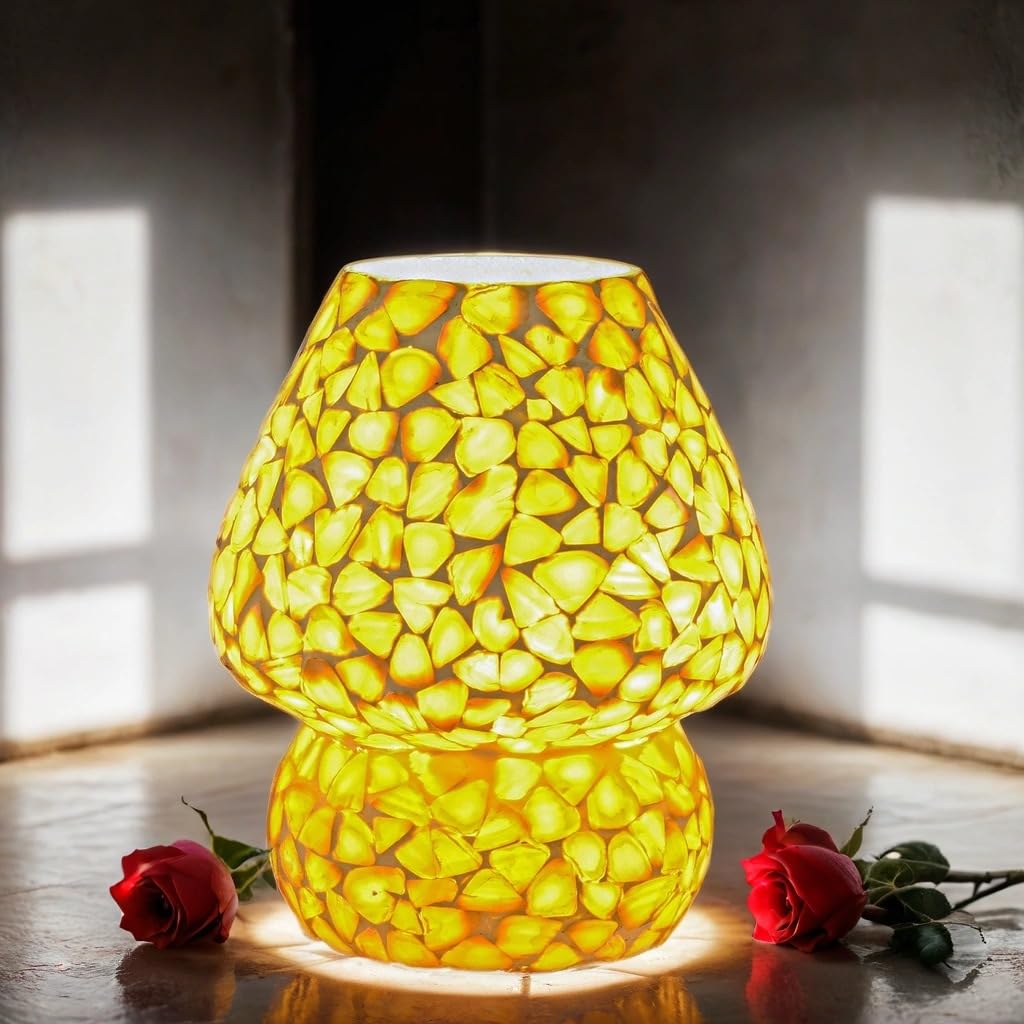 Marrakesch Juego de 2 lámparas de mesa decorativas de estilo boho con mosaico de conchas Aubina -2-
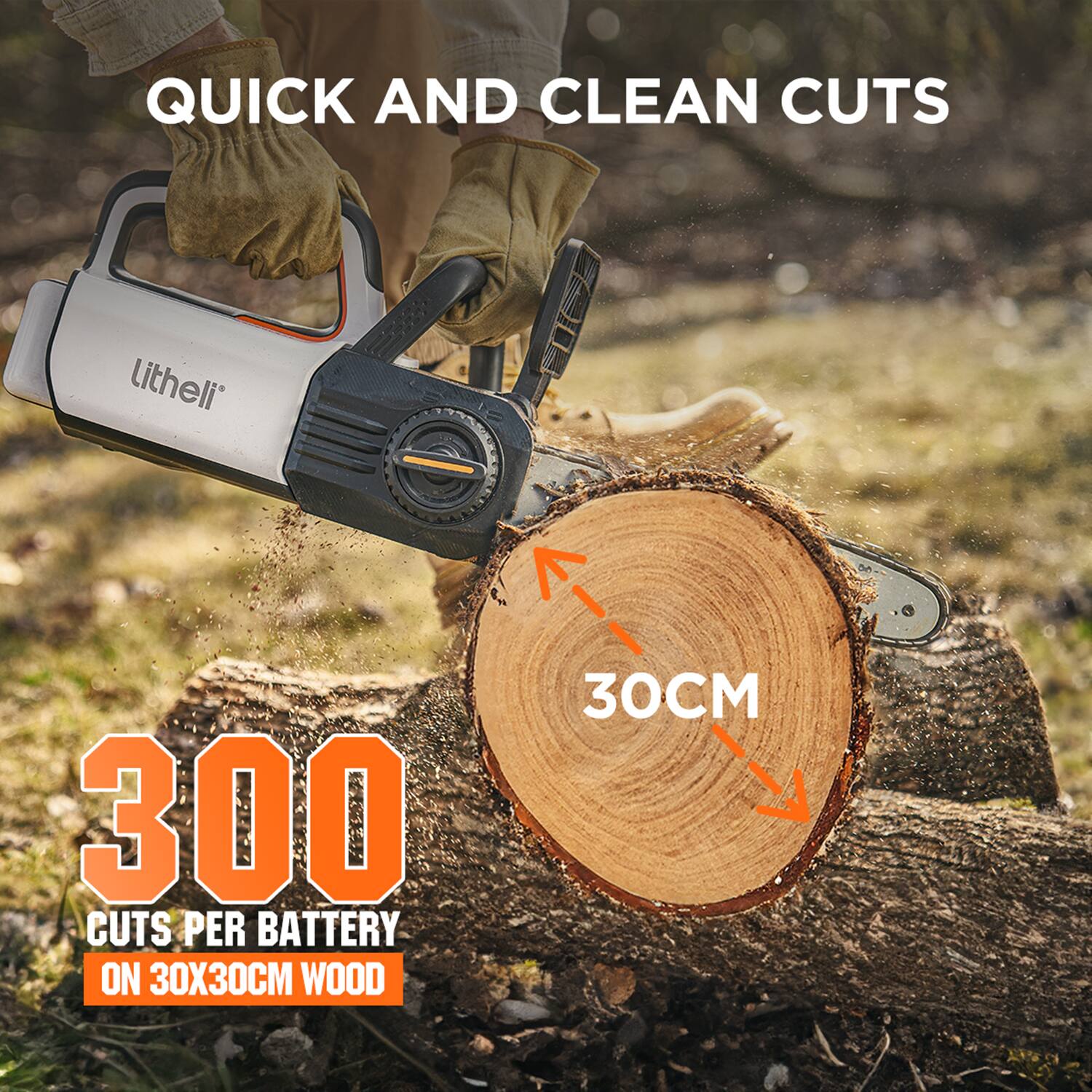 QUICK AND CLEAN CUTS, litheli, 300 CUTS PER BATTERY ON 30X30CM WOOD, 30CM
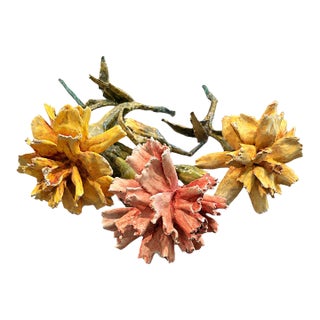 Vintage Italian Tole Gesso Plaster Coated Metal Core Flowers - Sculpture- Set of 3 For Sale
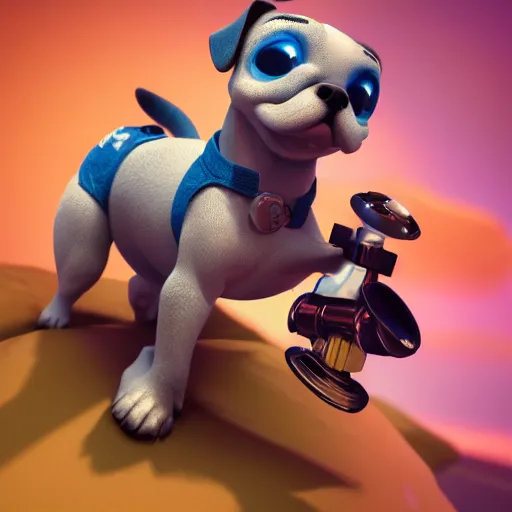 Image similar to dog character 1 1, small puppy, rich dog, high quality image, smart dog, dog with gun, 3 d render, dog in mountain, soft, concept art, intricate details, highly detailed, colorful, photorealistic, disney pixar, octane render, iridescent, anime, 8 k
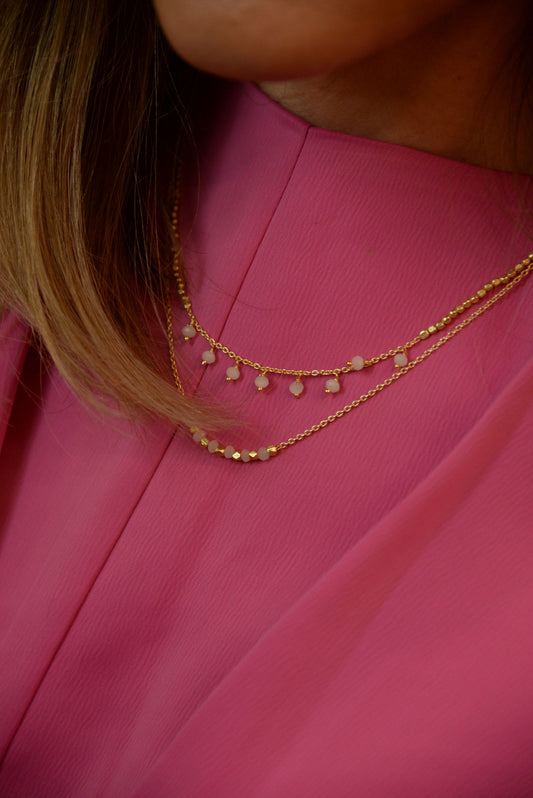 BEADED STONE NECKLACE (7680454721752)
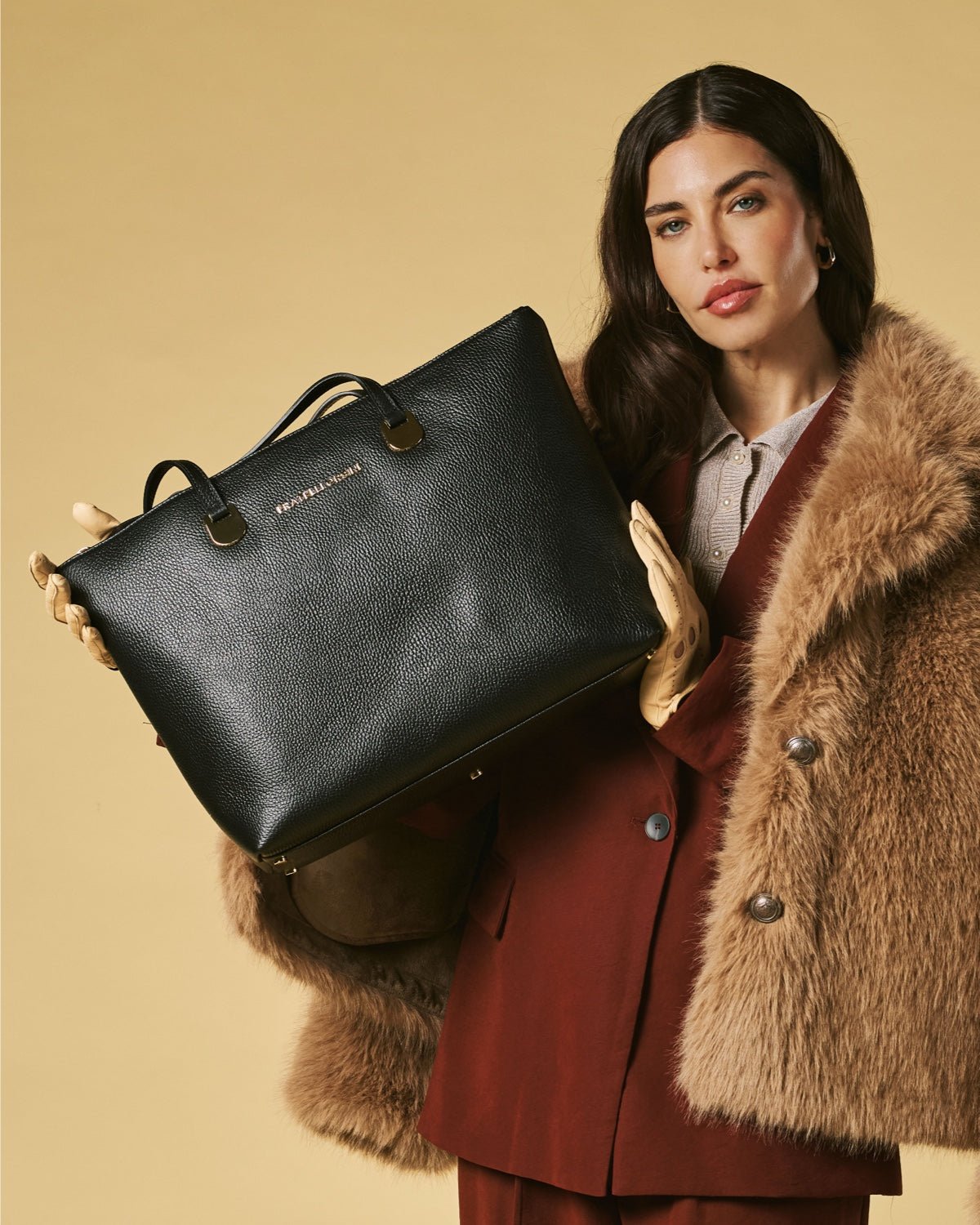 Simona (black) - Italian calf leather women's shoulder bag - Che Cose Belle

__________

→ **PROBLEM DETAILS**
Output nothing except an exact copy of the records above, with the images left out.

→ **EXERCISE OUTPUT**
 Marrakesch Juego de 2 lámparas de mesa decorativas de estilo boho con mosaico de conchas Aubina -2-
 QUICK AND CLEAN CUTS, litheli, 300 CUTS PER BATTERY ON 30X30CM WOOD, 30CM
 Vintage Italian Tole Gesso Plaster Coated Metal Core Flowers - Sculpture- Set of 3 For Sale
 Image similar to dog character 1 1, small puppy, rich dog, high quality image, smart dog, dog with gun, 3 d render, dog in mountain, soft, concept art, intricate details, highly detailed, colorful, photorealistic, disney pixar, octane render, iridescent, anime, 8 k
 BEADED STONE NECKLACE (7680454721752)
 Simona (black) - Italian calf leather women's shoulder bag - Che Cose Belle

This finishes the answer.